Brytyjski dziennik "The Guardian" donosi, że dziesięć osób oraz towarzyszący im pies zostało uwięzionych przez śnieg w Tan Hill Inn, najwyżej położonym pubie w Wielkiej Brytanii. Ze względu na prognozowane opady śniegu oraz temperaturę poniżej 10 stopni Celsjusza, pozostaną tam prawdopodobnie aż do weekendu.
Problemy gości Tan Hill Inn rozpoczęły się już w piątek, kiedy to 33 osoby nie mogły wrócić wieczorem do domów. Trwające kilka godzin opady śniegu sprawiły, że wyjazd z pubu, położonego na wysokości 528 m nad poziomem morza w hrabstwie North Yorkshire, stał się niemożliwy.
Jak relacjonuje gazeta, goście - wśród których był czteroletni chłopiec - spędzali wspólnie czas na rozmowach, słuchaniu radia, oglądaniu telewizji i wspólnych tańcach. Pomoc przyszła we wtorek, kiedy to drogę do Tan Hill In utorował pług śnieżny prowadzony przez lokalnego rolnika.
10 osób i pies
Większość gości zdecydowała się na powrót, ale czworo postanowiło poczekać, aż śnieg stopnieje a drogi będą czyste. Towarzyszy im sześciu pracowników. Jak sami stwierdzili, "nadal są w dobrych nastrojach, choć nie wiadomo, jak długo to potrwa".
Pracownicy pubu odmówili przyjęcia opłaty od gości, w zamian poprosili o datki na rzecz lokalnego zespołu ratownictwa górskiego z Doliny Swaledale.
Właściciel Tan Hill Inn we wtorek wyczarterował helikopter z pobliskiego Catterick, którym miała przylecieć nowa grupa pracowników, a ci, którzy pracowali nieprzerwanie od sześciu dni mieli odlecieć na zasłużony odpoczynek.
Zbyt silny wiatr sprawił jednak, że śmigłowiec nie mógł wystartować, a pracownicy musieli pozostać w lokalu.

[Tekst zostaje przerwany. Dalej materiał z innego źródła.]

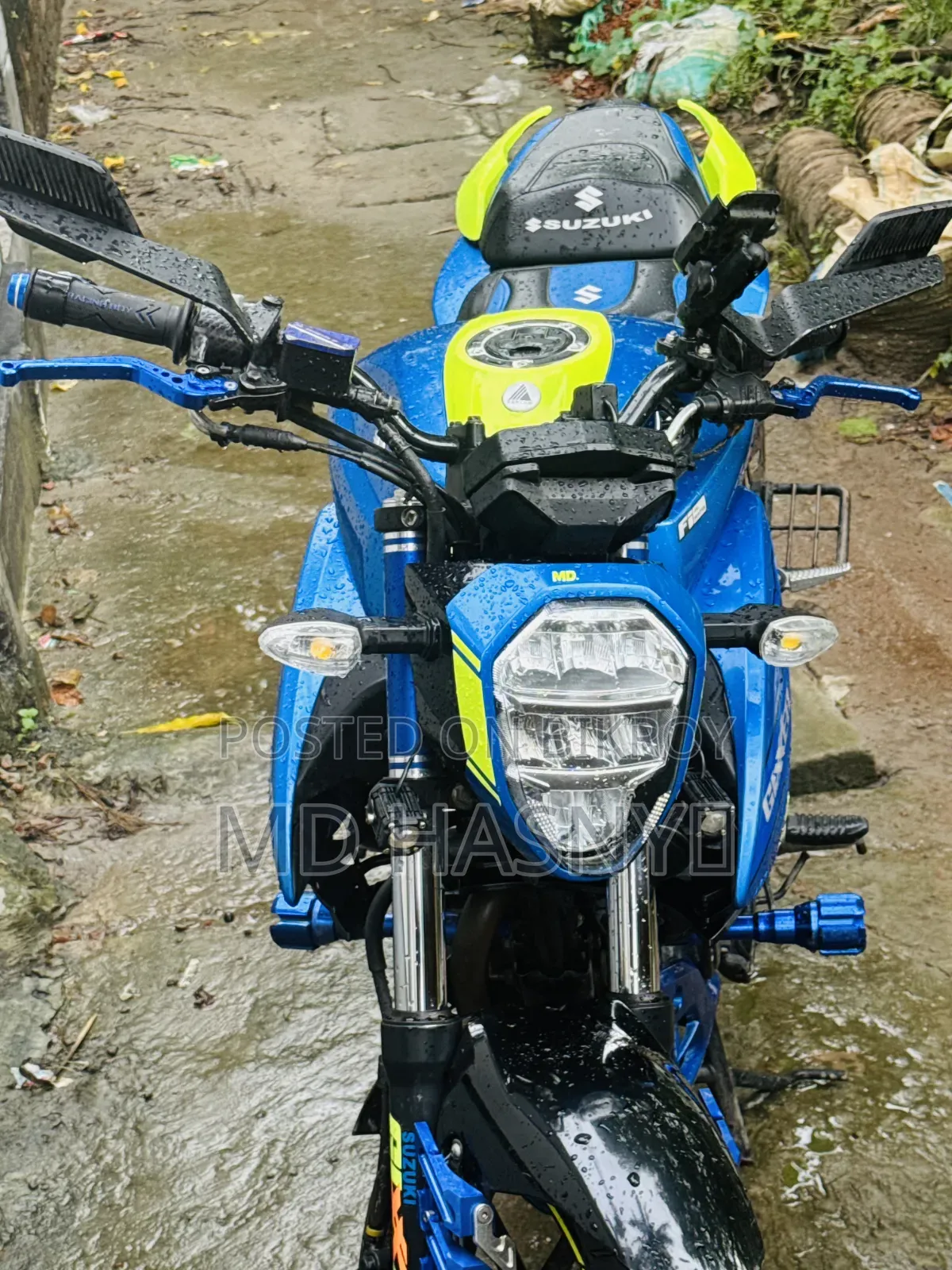 সুজুকি জিক্সার ২০২৫ নীল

Jak informuje stacja BBC, brytyjscy synoptycy przewidują, że dwie najbliższe noce mogą być najzimniejszymi w tym roku, a temperatury mogą spaść nawet do minus 20 st. C. Ostrzeżenia przed śnieżycami ogłoszono w południowo-zachodniej Anglii, północnej Szkocji i Irlandii Północnej.